» Task: When you copy from the entries that follow, take only the lines from the one with "Frylyra Wall and Ceiling Light" down to the one with "Media type: image;", keeping both ends and dropping every picture.

» Material to process:
┌──

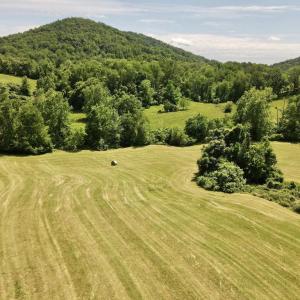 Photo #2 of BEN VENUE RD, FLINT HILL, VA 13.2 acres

└──
┌──

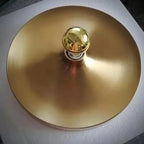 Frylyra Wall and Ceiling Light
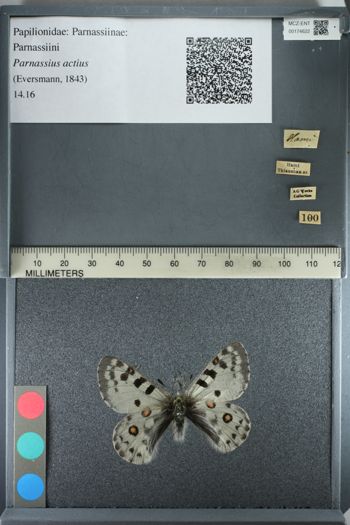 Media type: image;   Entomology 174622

└──

» Output:
 Frylyra Wall and Ceiling Light
 Media type: image;   Entomology 174622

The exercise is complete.